Repeat the material below. Keep every line exactly as written.
(RECORDS PROVIDED begins)
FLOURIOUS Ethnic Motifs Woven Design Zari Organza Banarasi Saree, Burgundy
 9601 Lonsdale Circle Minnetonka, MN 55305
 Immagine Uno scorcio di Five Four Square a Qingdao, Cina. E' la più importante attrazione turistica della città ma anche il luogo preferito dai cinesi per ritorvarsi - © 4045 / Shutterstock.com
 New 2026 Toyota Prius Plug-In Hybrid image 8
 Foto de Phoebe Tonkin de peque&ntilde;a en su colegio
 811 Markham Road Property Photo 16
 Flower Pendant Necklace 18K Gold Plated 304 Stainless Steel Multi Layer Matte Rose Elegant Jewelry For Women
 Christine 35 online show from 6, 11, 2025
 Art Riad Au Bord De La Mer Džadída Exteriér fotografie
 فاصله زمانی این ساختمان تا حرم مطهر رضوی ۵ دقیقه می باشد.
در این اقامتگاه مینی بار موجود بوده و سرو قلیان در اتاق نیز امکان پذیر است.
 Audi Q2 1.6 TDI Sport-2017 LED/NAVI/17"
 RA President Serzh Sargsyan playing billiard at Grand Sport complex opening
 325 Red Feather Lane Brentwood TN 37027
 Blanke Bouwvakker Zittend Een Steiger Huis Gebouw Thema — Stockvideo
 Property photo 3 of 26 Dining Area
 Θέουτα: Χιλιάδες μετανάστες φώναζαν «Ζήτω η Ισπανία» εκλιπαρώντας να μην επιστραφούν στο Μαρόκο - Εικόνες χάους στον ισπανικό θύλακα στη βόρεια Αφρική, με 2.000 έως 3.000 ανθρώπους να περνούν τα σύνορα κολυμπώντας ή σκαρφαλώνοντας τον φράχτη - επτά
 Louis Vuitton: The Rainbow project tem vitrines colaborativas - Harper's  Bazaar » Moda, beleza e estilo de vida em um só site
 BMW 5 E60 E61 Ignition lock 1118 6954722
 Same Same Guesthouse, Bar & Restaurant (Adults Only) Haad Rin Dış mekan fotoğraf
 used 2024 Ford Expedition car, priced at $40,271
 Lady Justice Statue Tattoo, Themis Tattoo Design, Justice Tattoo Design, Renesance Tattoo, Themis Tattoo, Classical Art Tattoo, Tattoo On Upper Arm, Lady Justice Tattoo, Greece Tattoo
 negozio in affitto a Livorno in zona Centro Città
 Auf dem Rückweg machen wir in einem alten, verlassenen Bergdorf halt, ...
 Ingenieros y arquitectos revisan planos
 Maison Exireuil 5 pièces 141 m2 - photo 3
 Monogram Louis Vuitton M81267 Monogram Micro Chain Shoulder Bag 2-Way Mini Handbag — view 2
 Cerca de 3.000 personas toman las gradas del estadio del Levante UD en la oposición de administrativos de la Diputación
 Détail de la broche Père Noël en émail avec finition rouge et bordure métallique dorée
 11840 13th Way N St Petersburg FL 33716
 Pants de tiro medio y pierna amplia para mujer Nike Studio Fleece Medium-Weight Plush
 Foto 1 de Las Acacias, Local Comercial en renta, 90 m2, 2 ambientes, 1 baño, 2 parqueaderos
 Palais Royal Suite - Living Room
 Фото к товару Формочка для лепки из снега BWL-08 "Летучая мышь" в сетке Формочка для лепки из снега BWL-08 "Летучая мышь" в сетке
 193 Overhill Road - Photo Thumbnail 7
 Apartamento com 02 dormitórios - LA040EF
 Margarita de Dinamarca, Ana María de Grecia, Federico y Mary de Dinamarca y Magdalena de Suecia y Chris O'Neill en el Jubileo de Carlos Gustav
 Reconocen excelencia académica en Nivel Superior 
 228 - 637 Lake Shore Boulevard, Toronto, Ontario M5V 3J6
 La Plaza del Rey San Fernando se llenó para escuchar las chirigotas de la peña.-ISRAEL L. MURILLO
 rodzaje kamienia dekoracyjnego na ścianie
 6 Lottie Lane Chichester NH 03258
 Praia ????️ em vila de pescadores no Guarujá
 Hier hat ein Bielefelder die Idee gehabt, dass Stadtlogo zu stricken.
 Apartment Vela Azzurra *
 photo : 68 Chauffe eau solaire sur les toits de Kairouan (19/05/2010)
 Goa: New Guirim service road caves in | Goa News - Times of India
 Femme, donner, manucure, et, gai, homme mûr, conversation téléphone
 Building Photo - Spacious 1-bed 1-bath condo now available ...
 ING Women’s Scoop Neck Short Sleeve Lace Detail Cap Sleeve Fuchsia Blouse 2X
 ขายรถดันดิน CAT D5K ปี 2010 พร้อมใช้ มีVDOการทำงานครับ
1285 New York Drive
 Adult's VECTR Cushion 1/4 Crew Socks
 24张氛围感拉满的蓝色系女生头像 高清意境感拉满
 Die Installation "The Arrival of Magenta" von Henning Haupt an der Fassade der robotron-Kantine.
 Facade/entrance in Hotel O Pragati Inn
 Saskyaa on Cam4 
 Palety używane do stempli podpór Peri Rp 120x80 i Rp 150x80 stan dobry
(RECORDS PROVIDED ends)
== EXERCISE ANSWER ==
FLOURIOUS Ethnic Motifs Woven Design Zari Organza Banarasi Saree, Burgundy
 9601 Lonsdale Circle Minnetonka, MN 55305
 Immagine Uno scorcio di Five Four Square a Qingdao, Cina. E' la più importante attrazione turistica della città ma anche il luogo preferito dai cinesi per ritorvarsi - © 4045 / Shutterstock.com
 New 2026 Toyota Prius Plug-In Hybrid image 8
 Foto de Phoebe Tonkin de peque&ntilde;a en su colegio
 811 Markham Road Property Photo 16
 Flower Pendant Necklace 18K Gold Plated 304 Stainless Steel Multi Layer Matte Rose Elegant Jewelry For Women
 Christine 35 online show from 6, 11, 2025
 Art Riad Au Bord De La Mer Džadída Exteriér fotografie
 فاصله زمانی این ساختمان تا حرم مطهر رضوی ۵ دقیقه می باشد.
در این اقامتگاه مینی بار موجود بوده و سرو قلیان در اتاق نیز امکان پذیر است.
 Audi Q2 1.6 TDI Sport-2017 LED/NAVI/17"
 RA President Serzh Sargsyan playing billiard at Grand Sport complex opening
 325 Red Feather Lane Brentwood TN 37027
 Blanke Bouwvakker Zittend Een Steiger Huis Gebouw Thema — Stockvideo
 Property photo 3 of 26 Dining Area
 Θέουτα: Χιλιάδες μετανάστες φώναζαν «Ζήτω η Ισπανία» εκλιπαρώντας να μην επιστραφούν στο Μαρόκο - Εικόνες χάους στον ισπανικό θύλακα στη βόρεια Αφρική, με 2.000 έως 3.000 ανθρώπους να περνούν τα σύνορα κολυμπώντας ή σκαρφαλώνοντας τον φράχτη - επτά
 Louis Vuitton: The Rainbow project tem vitrines colaborativas - Harper's  Bazaar » Moda, beleza e estilo de vida em um só site
 BMW 5 E60 E61 Ignition lock 1118 6954722
 Same Same Guesthouse, Bar & Restaurant (Adults Only) Haad Rin Dış mekan fotoğraf
 used 2024 Ford Expedition car, priced at $40,271
 Lady Justice Statue Tattoo, Themis Tattoo Design, Justice Tattoo Design, Renesance Tattoo, Themis Tattoo, Classical Art Tattoo, Tattoo On Upper Arm, Lady Justice Tattoo, Greece Tattoo
 negozio in affitto a Livorno in zona Centro Città
 Auf dem Rückweg machen wir in einem alten, verlassenen Bergdorf halt, ...
 Ingenieros y arquitectos revisan planos
 Maison Exireuil 5 pièces 141 m2 - photo 3
 Monogram Louis Vuitton M81267 Monogram Micro Chain Shoulder Bag 2-Way Mini Handbag — view 2
 Cerca de 3.000 personas toman las gradas del estadio del Levante UD en la oposición de administrativos de la Diputación
 Détail de la broche Père Noël en émail avec finition rouge et bordure métallique dorée
 11840 13th Way N St Petersburg FL 33716
 Pants de tiro medio y pierna amplia para mujer Nike Studio Fleece Medium-Weight Plush
 Foto 1 de Las Acacias, Local Comercial en renta, 90 m2, 2 ambientes, 1 baño, 2 parqueaderos
 Palais Royal Suite - Living Room
 Фото к товару Формочка для лепки из снега BWL-08 "Летучая мышь" в сетке Формочка для лепки из снега BWL-08 "Летучая мышь" в сетке
 193 Overhill Road - Photo Thumbnail 7
 Apartamento com 02 dormitórios - LA040EF
 Margarita de Dinamarca, Ana María de Grecia, Federico y Mary de Dinamarca y Magdalena de Suecia y Chris O'Neill en el Jubileo de Carlos Gustav
 Reconocen excelencia académica en Nivel Superior 
 228 - 637 Lake Shore Boulevard, Toronto, Ontario M5V 3J6
 La Plaza del Rey San Fernando se llenó para escuchar las chirigotas de la peña.-ISRAEL L. MURILLO
 rodzaje kamienia dekoracyjnego na ścianie
 6 Lottie Lane Chichester NH 03258
 Praia ????️ em vila de pescadores no Guarujá
 Hier hat ein Bielefelder die Idee gehabt, dass Stadtlogo zu stricken.
 Apartment Vela Azzurra *
 photo : 68 Chauffe eau solaire sur les toits de Kairouan (19/05/2010)
 Goa: New Guirim service road caves in | Goa News - Times of India
 Femme, donner, manucure, et, gai, homme mûr, conversation téléphone
 Building Photo - Spacious 1-bed 1-bath condo now available ...
 ING Women’s Scoop Neck Short Sleeve Lace Detail Cap Sleeve Fuchsia Blouse 2X
 ขายรถดันดิน CAT D5K ปี 2010 พร้อมใช้ มีVDOการทำงานครับ
1285 New York Drive
 Adult's VECTR Cushion 1/4 Crew Socks
 24张氛围感拉满的蓝色系女生头像 高清意境感拉满
 Die Installation "The Arrival of Magenta" von Henning Haupt an der Fassade der robotron-Kantine.
 Facade/entrance in Hotel O Pragati Inn
 Saskyaa on Cam4 
 Palety używane do stempli podpór Peri Rp 120x80 i Rp 150x80 stan dobry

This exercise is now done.